Sep 09, 2024

News From the Oil Patch: Crude prices drop to 15-month lows

Posted Sep 09, 2024 6:39 PM
Photo by Pixabay
Photo by Pixabay

By JOHN P. TRETBAR
Eagle Media

The OPEC-Plus export alliance last week postponed its plans to increase crude oil production, but that was not enough to forestall a big drop in prices. The group kept in place its long-term plans to resume production increases, but pushed back the completion date by two months.

October NYMEX crude settled Friday at $67.67 per barrel, the lowest closing price since June of 2023, down $1.48 on the day and a weekly loss of nearly six dollars a barrel. Prices were a few cents higher in morning trading on Monday.

The average for the month of August was a fraction over $65.62 per barrel. The average for August last year was over $71.

Kansas Common Crude dropped a dollar and a half to start the week at $58 per barrel, down $5.75 in seven days and ten dollars less than the average price so far this year at CHS in McPherson.

The Kansas Corporation Commission reports 89 new intent-to-drill notices last month. After updating totals from March and April, the total for the year stands at 742 intents statewide, compared to 901 by the end of August last year.

Barton County reports six new intents, 23 so far this year.

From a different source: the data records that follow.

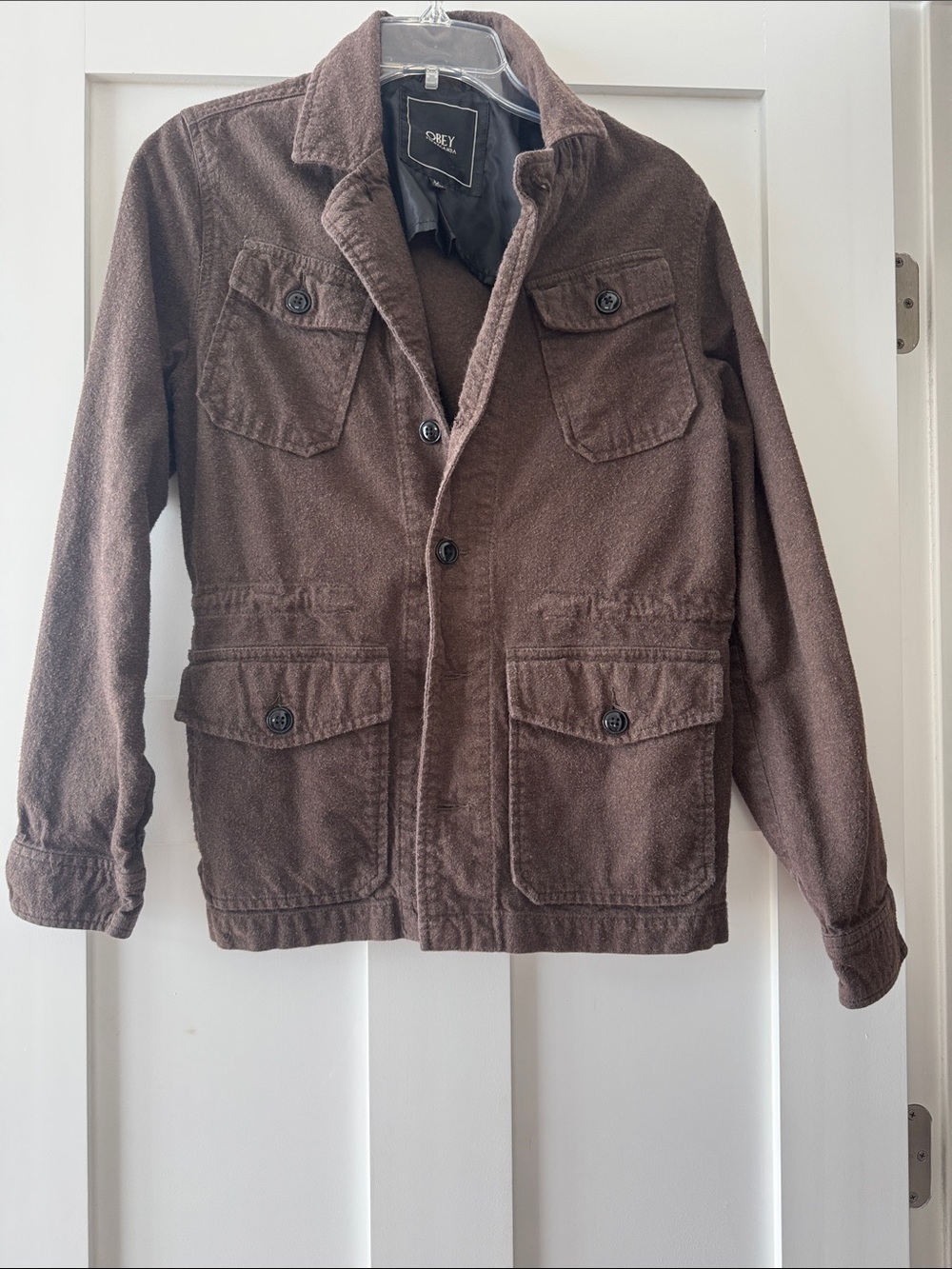 Obey Brown Utility-Style Women's Jacket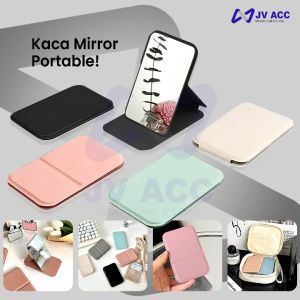 NVN-PM01 PORTABLE KACA MIRROR CERMIN RIAS LIPAT MINI PREMIUM LEATHER UNTUK MAKE UP DAN DANDAN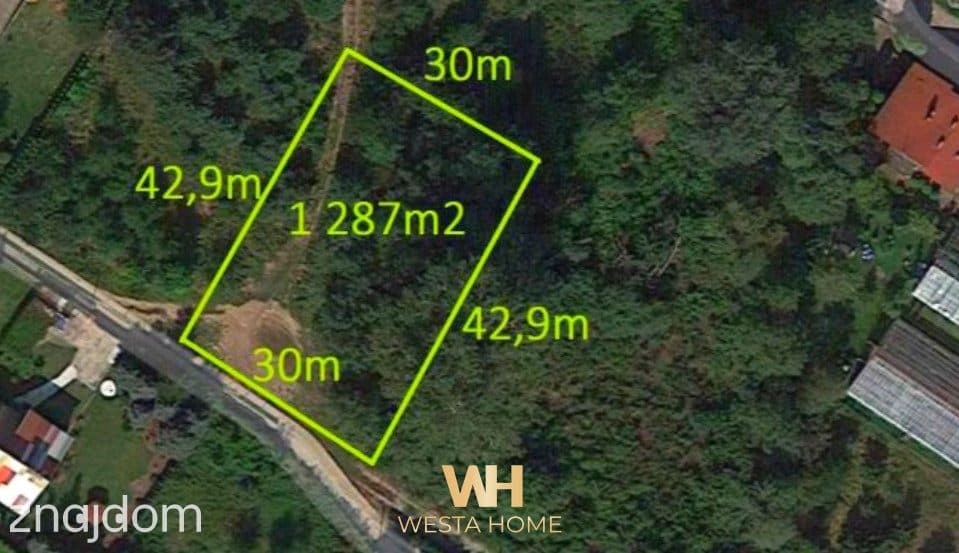 Miejsce na DOM * działka 1287 M2* MICHAŁÓW REGINÓW - zdjęcie 7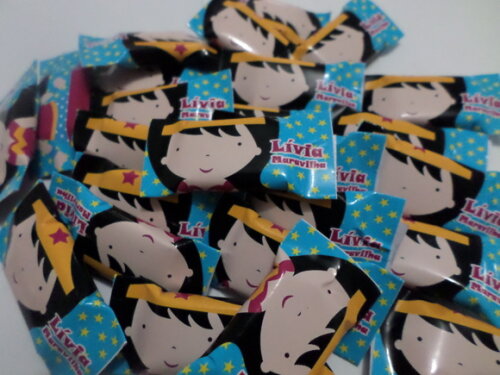 bala personalizada mulher maravilha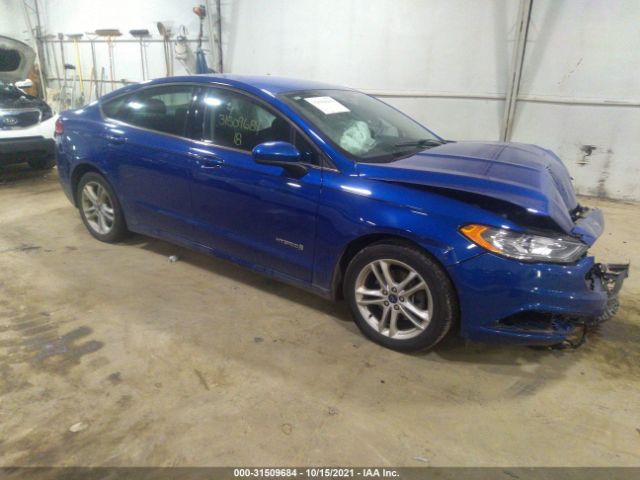 Ford Fusion hybrid (2018)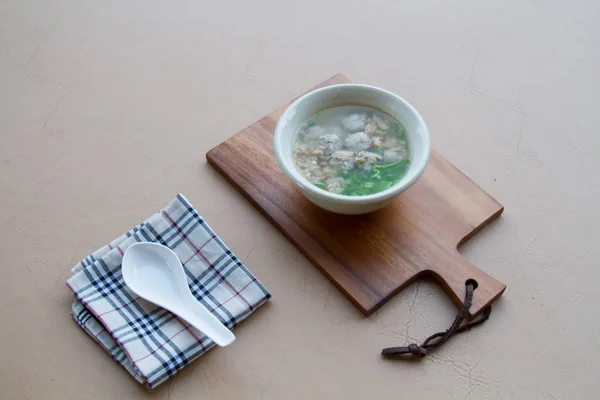 Rice boiled with pork — Stock Photo, Image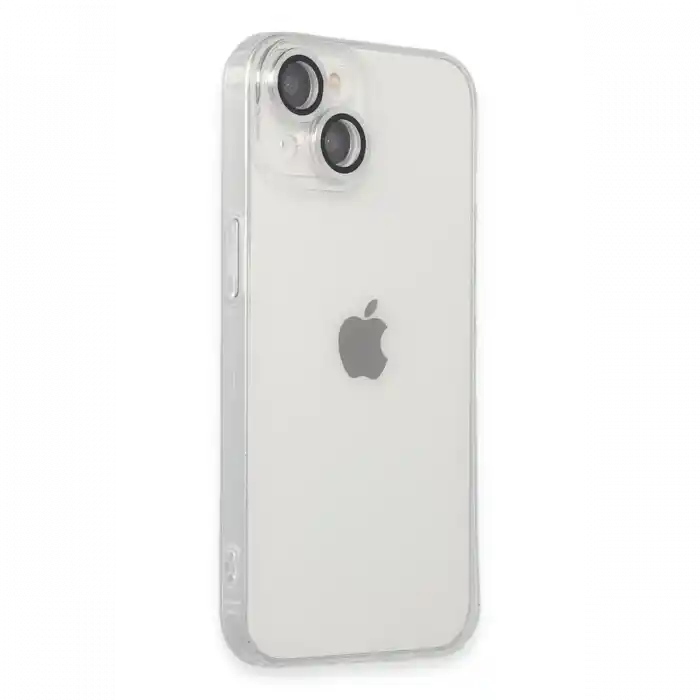 TCX  iPhone 14 Kılıf Luko Lens Silikon - Gümüş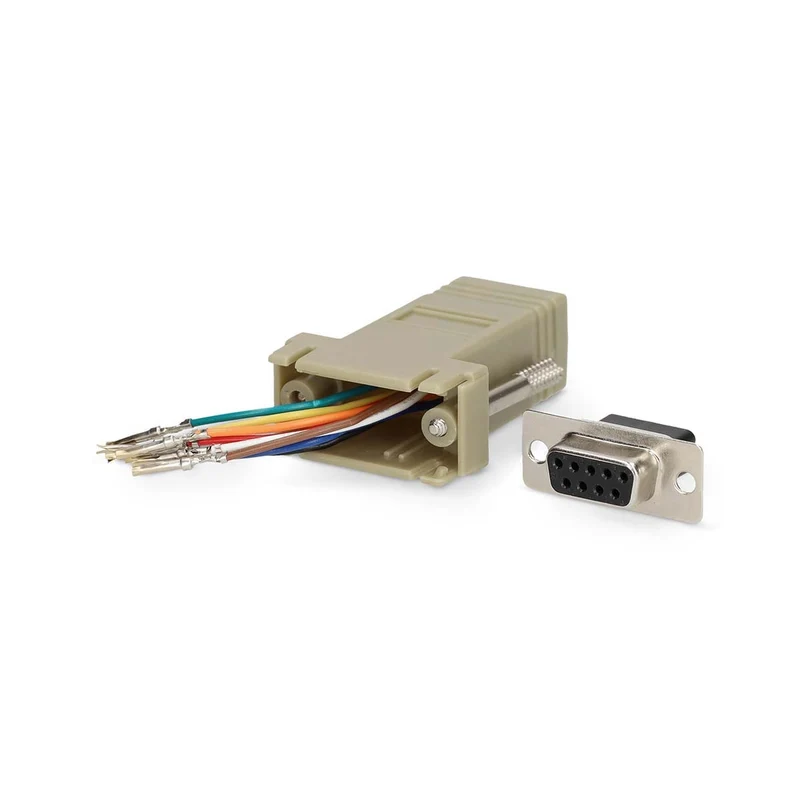 Seriële Adapter Adapter - D-SUB 9-Pins Female - RJ45 Female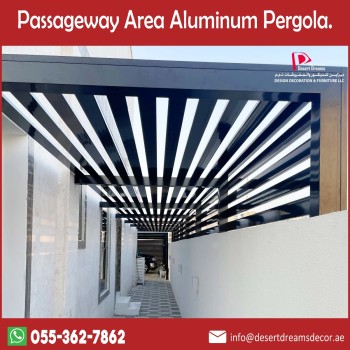 Passageway Area Aluminum Pergola in Uae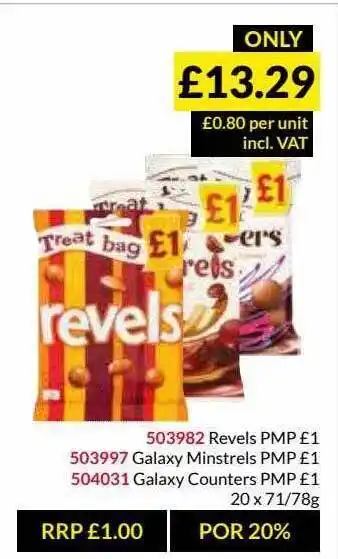 Musgrave MarketPlace Revels Galaxy Minstrels Galaxy Counters offer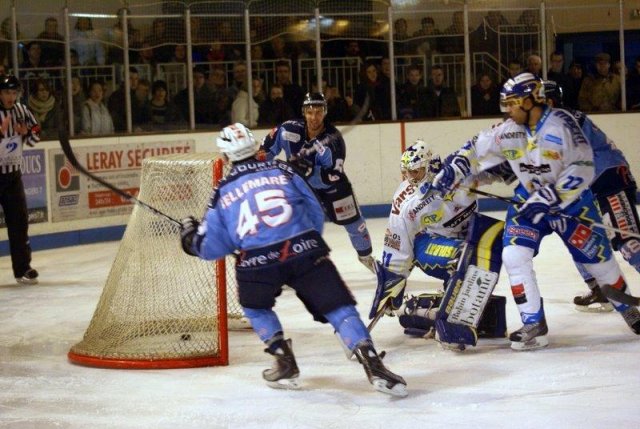 Photo hockey match Angers  - Gap  le 29/12/2009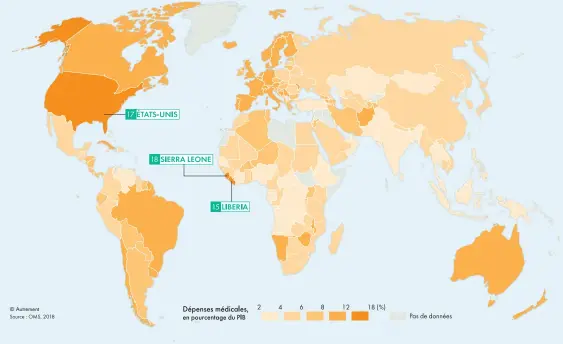  ??  ?? 9
Les dépenses de santé dans le monde en 2015-2016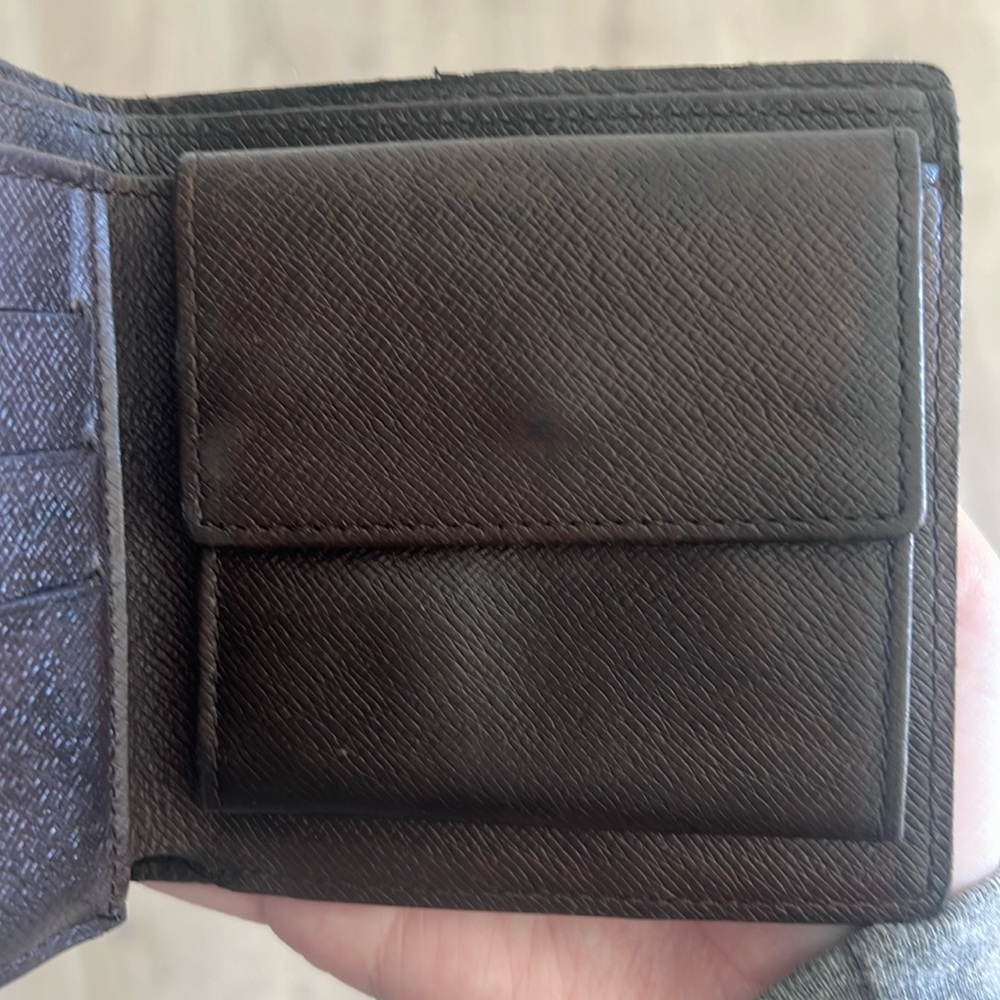 Louis Vuitton Men’s Marco Wallet DE Damier Ebene Canvas Authentic - Picture 8 of 16
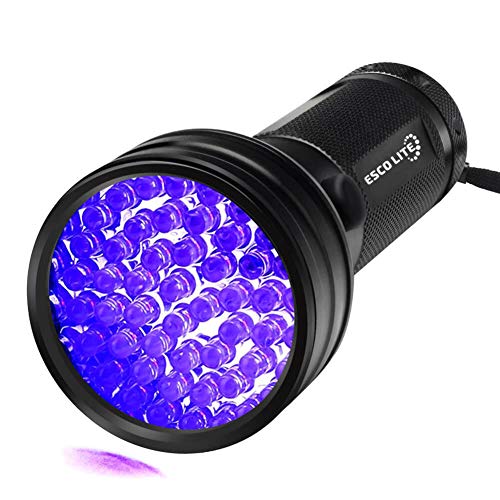 Escolite UV Flashlight Black Light (51 LED 395 nM) for Detecting Dog Urine, Pet Stains & Bed Bugs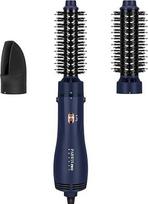 PARWIN PRO BEAUTY 3-in-1 karšto oro šepetys, plaukų stiliatorius, plaukų džiovintuvas, plaukų stilizavimo šepetys vienu žingsniu, greita apimtis, garbanojimas, tiesinimas, 3 temperatūros, keramika, jonų priežiūra, 1100 W, prūsiškai mėlyna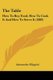 The Table - How To Buy Food, How To Cook It And How To Serve It (1889) (Paperback): Alessandro Filippini
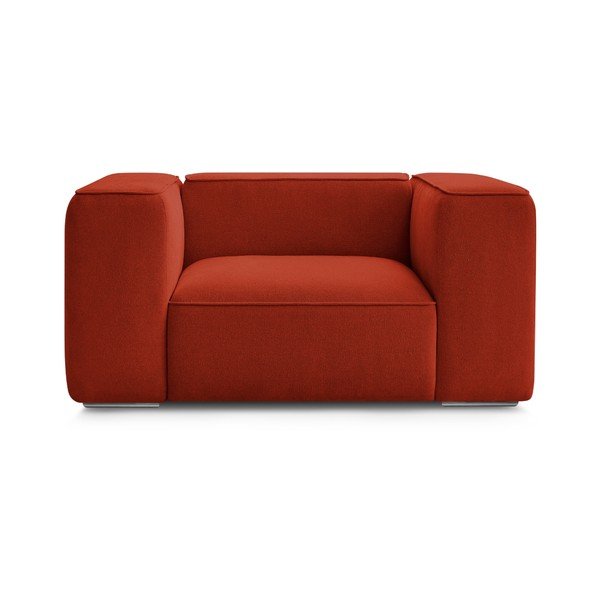 Ceglasty fotel Zephyr – Bobochic Paris-image-3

That's down from 29 a year ago but up from 13 through August of 2022. Ellis County notches two new ones, nine so far this year, compared to 24 a year ago and 16 the year before that. In Russell County there are eight new notices so far this year, which is double the tally by this time last year, but down one from 2022. Stafford County reports eleven new intents through August of this year, compared to 21 a year ago and 12 two years ago.

Rig counts are down across the country and across Kansas.

Baker Hughes reported 582 active rigs nationwide, down one gas rig from last week, with declines in Colorado, Oklahoma and Pennsylvania, and increases in West Virginia and New Mexico.

Independent Oil and Gas Service reports ten active rigs in eastern Kansas, down one, and 15 rigs west of Wichita, which is unchanged. The statewide total is down 17% from a month ago and 31% lower than a year ago.

Independent Oil and Gas Service reports six new well completions across the state last week, 907 so far this year, which is down 145 completions from a year ago.

Kansas regulators report two new drilling permits in Barton County out of five in western Kansas and 21 statewide. With 685 so far this year, the statewide total lags behind last year by 149 permits.

The U.S. added 1.8 million barrels of crude to the Strategic Petroleum Reserve, the biggest weekly increase since DOE began refilling the reserves. Our refills are $16 a barrel cheaper than the original sales price, for a profit of nearly $29 million in the last week, and over $246 million since April.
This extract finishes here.